KEY POINTS:
SHANGHAI - Typhoon Wipha abruptly lost strength after it crossed the eastern coast of China yesterday and looked set to miss Shanghai as it headed north.
However, the storm toppled hundreds of homes and knocked out power and water supplies as it swept in from the sea some 650km south of the country's financial hub.
More than two million people had been evacuated in the coastal provinces of Fujian and Zhejiang and Shanghai ahead of what officials had predicted would be a powerful and destructive typhoon.
But forecaster Tropical Storm Risk downgraded Wipha to a category one typhoon from a powerful category 4 after it made landfall and said it would weaken further into a tropical storm as it headed north towards Nanjing.
Its projection showed the eye of the storm passing some 250km to the west of Shanghai within 24 hours.
Xinhua news agency said Wipha was approaching Shanghai at 20km/h but that it had already been downgraded to a tropical storm.

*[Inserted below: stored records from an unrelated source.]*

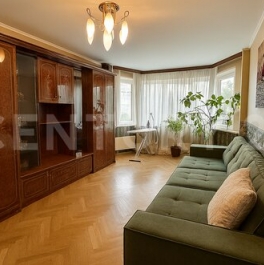 Продажа 3-комн квартиры на вторичном рынке улица Маршала Тухачевского,  д. 29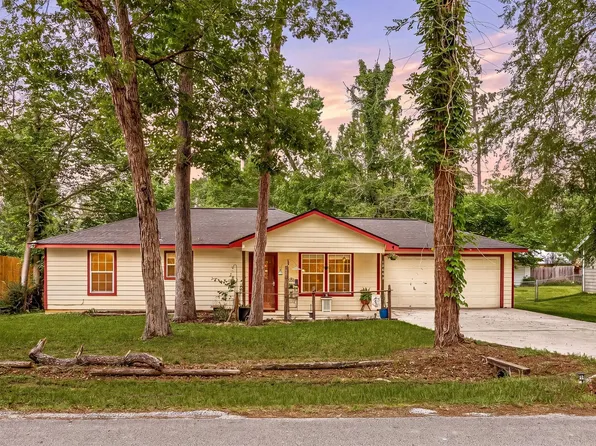 10443 Royal York Dr, Conroe, TX 77303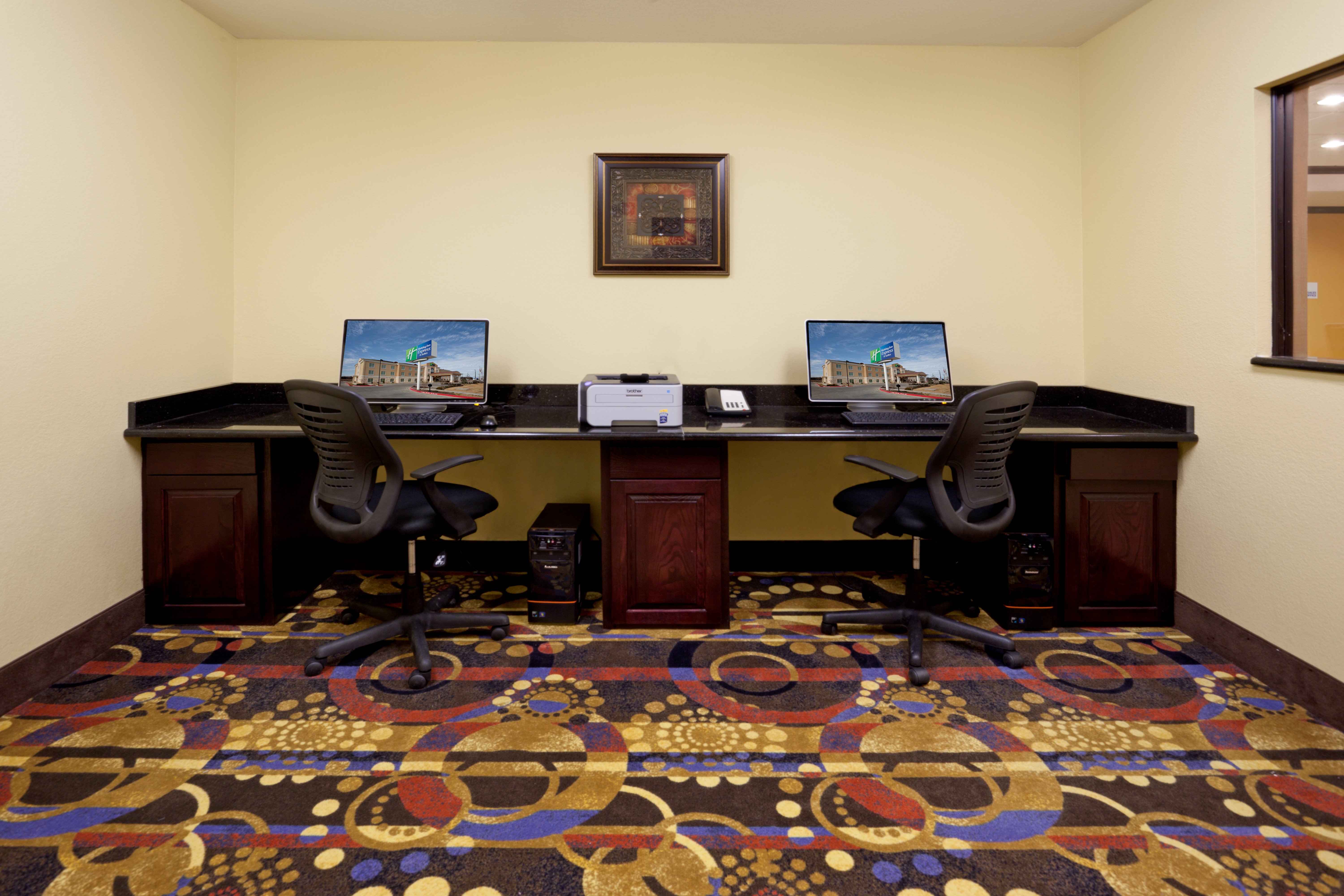 Holiday Inn Express Hotel And Suites Georgetown 27/28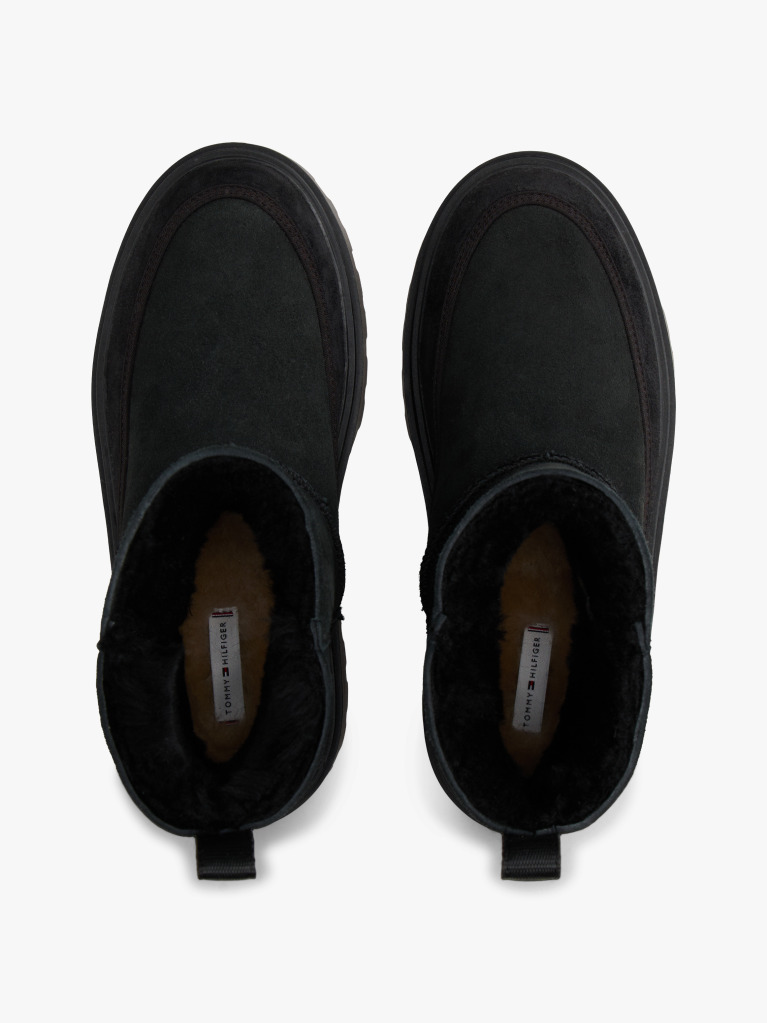 Black Leather Cleat Pull-On Snow Boots  Women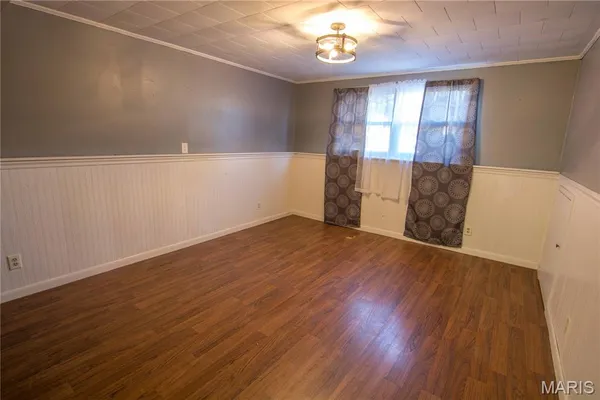 $159,000 | 1420 West Jefferson Street, Vandalia, IL 62471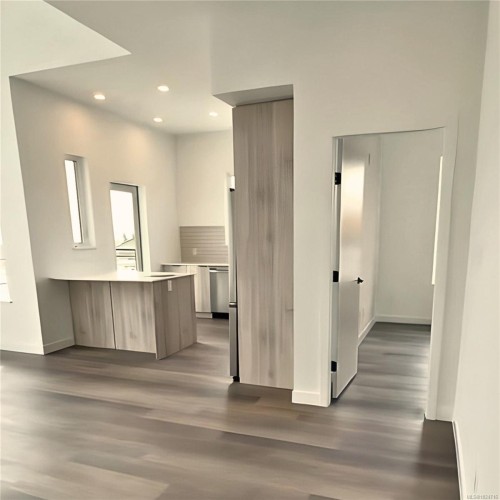 413-3564B Ryder Hesjedal Way, Colwood, BC - Indoor Photo Showing Other Room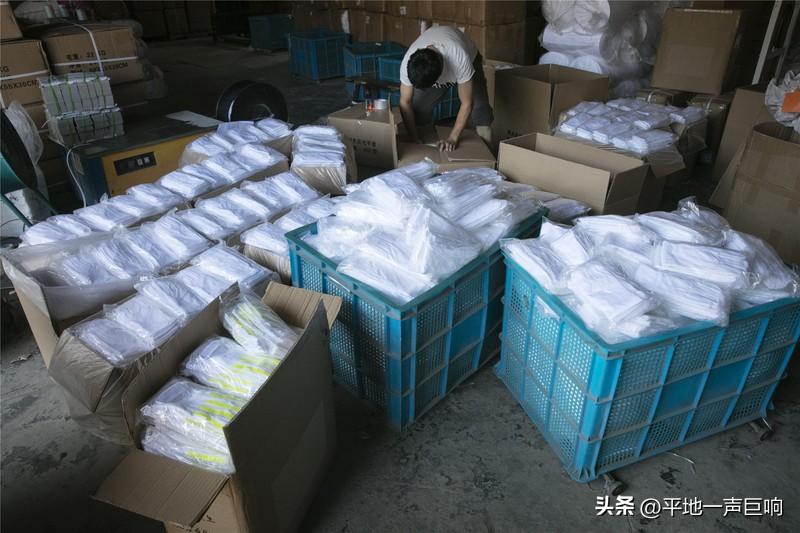 人可以不上班，但是不能不找点事做，

不管是自己接订单业务做一点小生意，

还是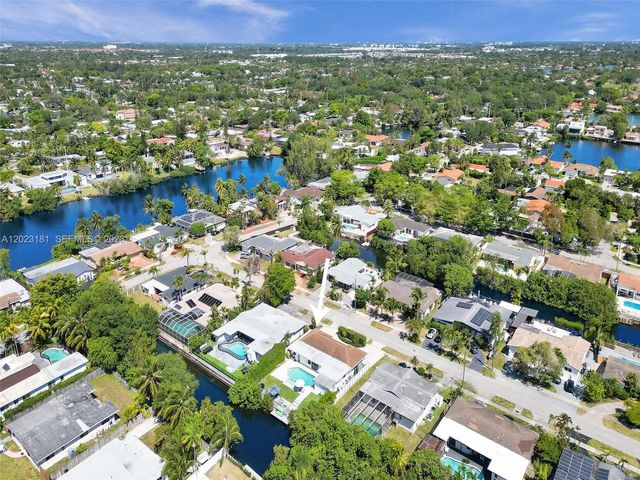 2330 NE 195th St, Miami, FL 33180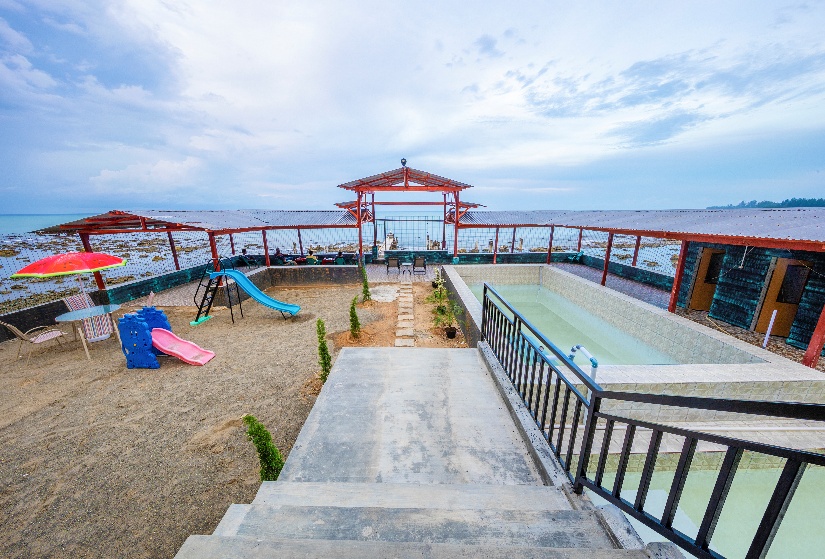 Kolam renang view laut Mega Nasional
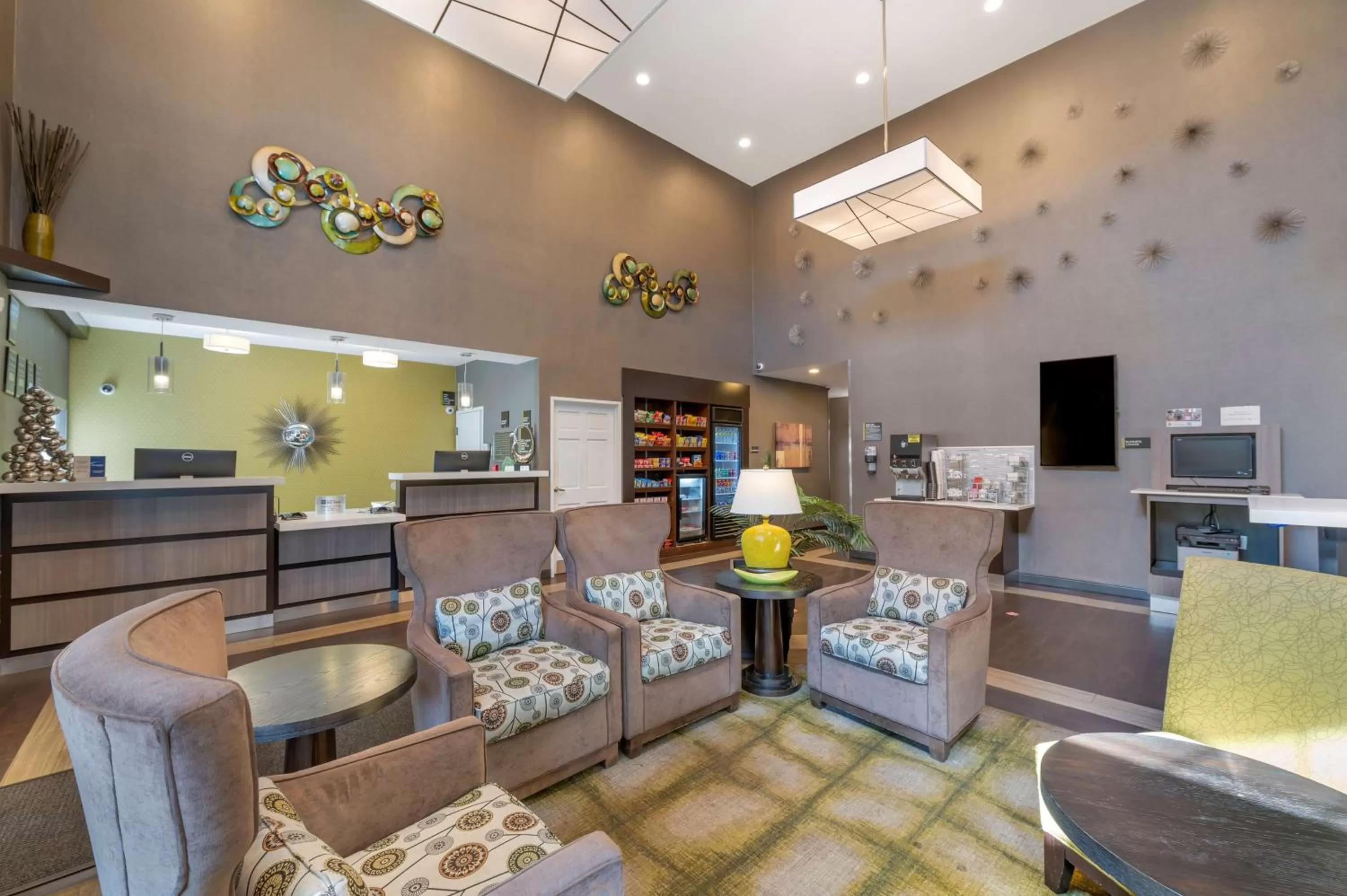 Lobby or reception in Best Western Hilliard Inn & Suites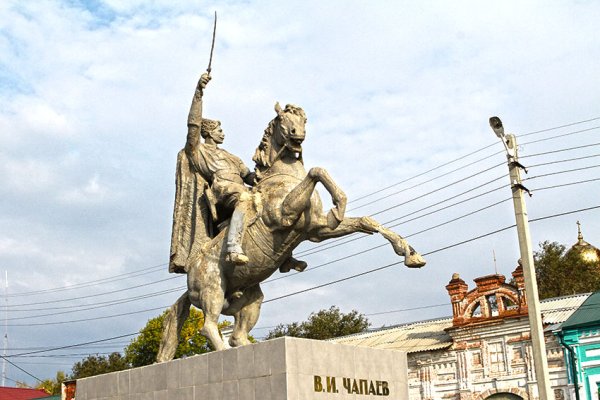 Памятник на крыше павильонов на ВДНХ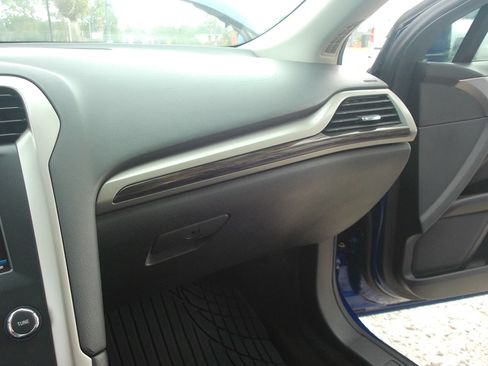 Used 2013 Ford Fusion SE FWD image 19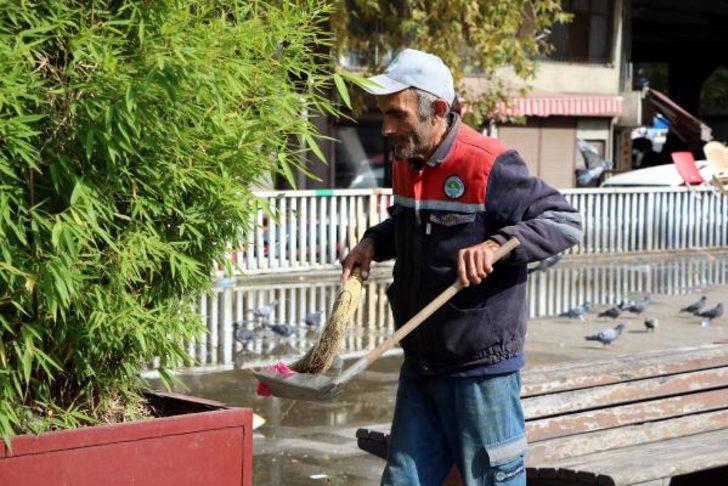 Sokakları temizleyerek kazandığı parayla iki çocuğa burs veriyor G2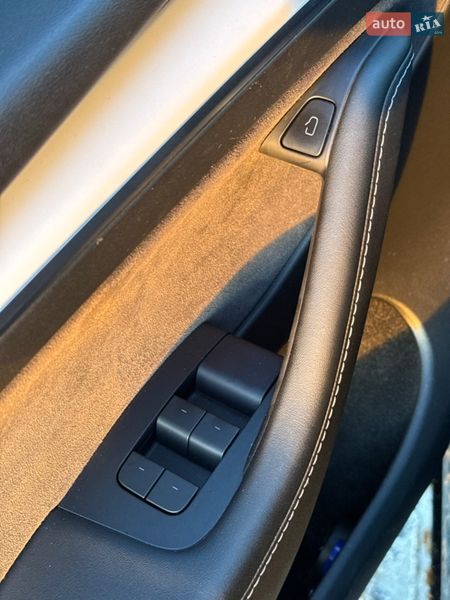 Внедорожник / Кроссовер Tesla Model Y 2023 в Киеве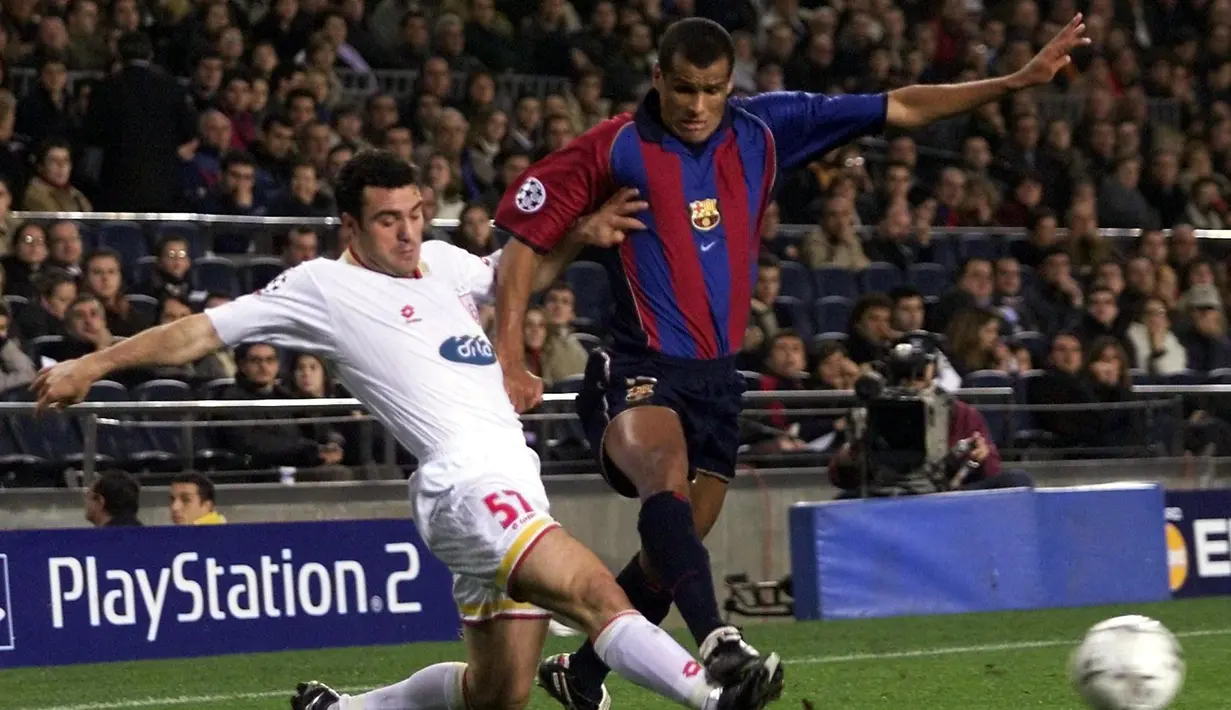 Rivaldo bermain untuk Barcelona tahun 1997-2002 dan terpilih sebagai Pemain Terbaik Dunia FIFA tahun 1999. (AFP/Christophe Simon))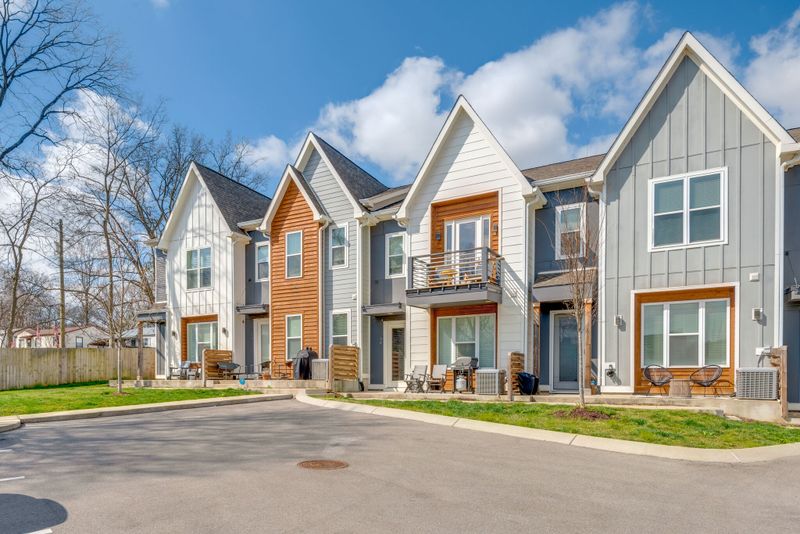 700 James Ave #42, Nashville, TN 37209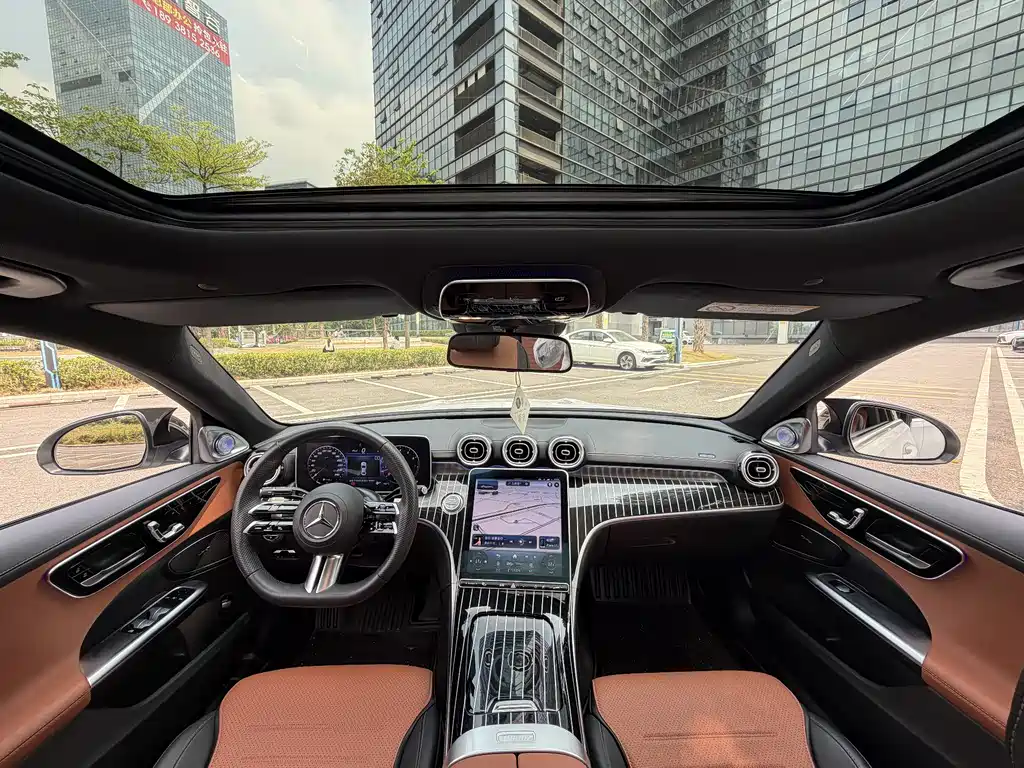 Mercedes-Benz C-Class 2023 — фото 14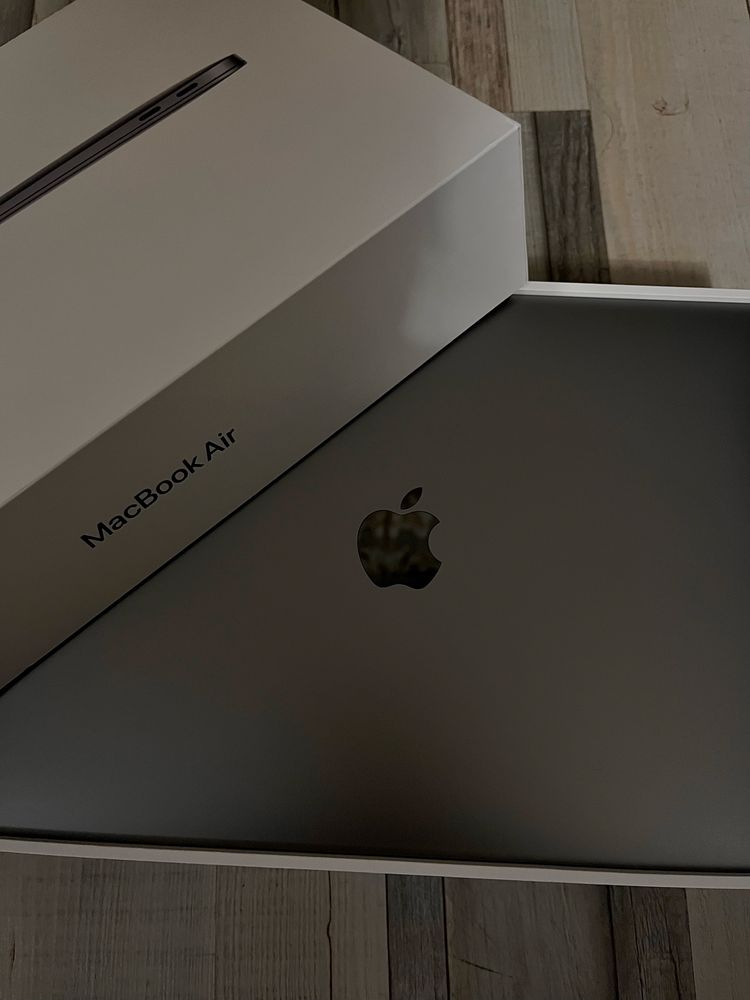 Apple MacBook Air (M1, 2020)
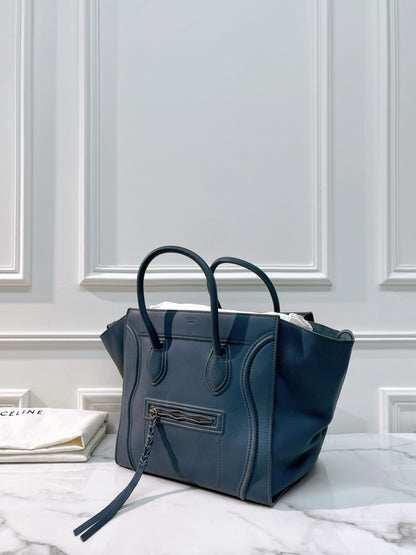 CELINE PHANTOM MEDIUM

One man was electrocuted in Shanghai ahead of the storm on Tuesday, but there were no other immediate reports of casualties.
Xinhua news agency said Wipha, a Thai name for a girl, toppled 669 houses, disrupted power supply in 1867 villages and "affected" about 5 million people, causing direct economic losses of US$38 ($52) million.
Officials said it was too early to assess the damage.